On Father’s Day, one of my gifts was a few hours of down time and solitude, something that particularly recharges my personal batteries. As part of that down time, I watched one of my favorite all-time movies, “Ben-Hur“. The 1959 film went on to win eleven Academy Awards, which has only been equaled by two other films, “Titanic” and “The Lord of the Rings: The Return of the King”.

The most famous  scene in the movie is that of the violent chariot race near the very end of the movie in which Judah Ben-Hur triumphs over his childhood friend turned enemy, Messala, who dies afterward  from injuries sustained in the race. This time through, however, the scene that stood out to me the most was one I had noticed before but, honestly, hadn’t thought much of. The scene comes during the middle of the movie.
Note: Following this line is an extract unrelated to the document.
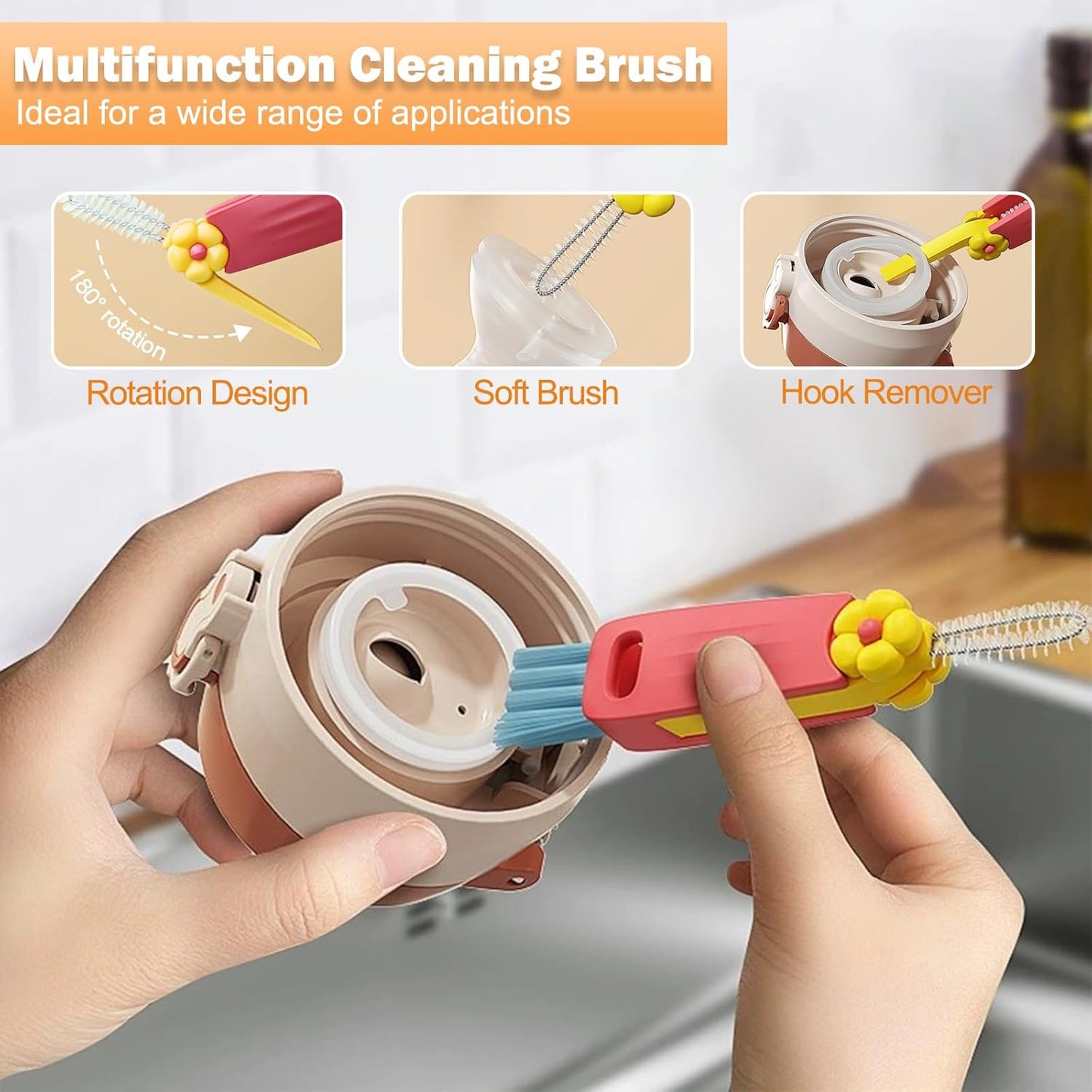 FANTEXY 3 in 1 Cup Lid Cleaning Brush Set, 3 Pieces Multifunctional Bottle Cleaning Brush, Bottle Cleaner Brush for Coffee Cups Lid Gap, Portable Cup Lid Cleaning Tools Cleaner Brush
Messala, as vengeance for Judah’s refusal to betray his people, assigned Judah to be a galley slave in the Roman navy. In this particular scene, Judah had already been serving in the galleys for over three years when he was assigned to the ship of Consul Quintus Arrias. As Arrias tests the slaves on his ship, Judah, referred to by Arrias as “Forty-One” wins his trust by his restraint and self-discipline. As the ship enters battle, Arrias orders all the slaves to be chained in preparation for battle, all that is except for Judah. During the battle, the ship is rammed by an enemy ship. As the enemies flood the ship and hand-to-hand combat commences, Arrias is knocked overboard in the scuffle. Judah jumps into the water and pulls Arrias to safety. They are later rescued by another ship in the fleet and find out that the Roman fleet had indeed been victorious.

As Arrias walks towards the back of the ship, he takes Judah with him and they begin to pass by the area where the galley slaves can be seen below, living out their miserable existence in monotony as they row away what little life they have left in them. Having been freed from his rowing duties by Arrias, Judah stops and gazes at them in their suffering, as if he longs for their freedom yet knowing that most of them will not survive.

This scene reminded me of what Jesus Christ has done for each and every one of us. He came to earth, lived as one of us, was tempted as we are tempted (Hebrews 4:15), yet was obedient to God the Father even to the point of giving up his own life in exchange for ours. Not only that but he proved his divinity by literally rising from the dead (Romans 10:9). That’s how he freed us from sin and its ultimate consequence, hell.

I pray that God’s Spirit will continually remind me that He’s freed me from the chain that kept me bound to the oar and, as Judah Ben-Hur looked down on those still afflicted and in chains longing for their freedom, that he would give me a heart ever-softening for those Christ is leading me to minister to. By God’s grace, I am no longer a “Forty-One”.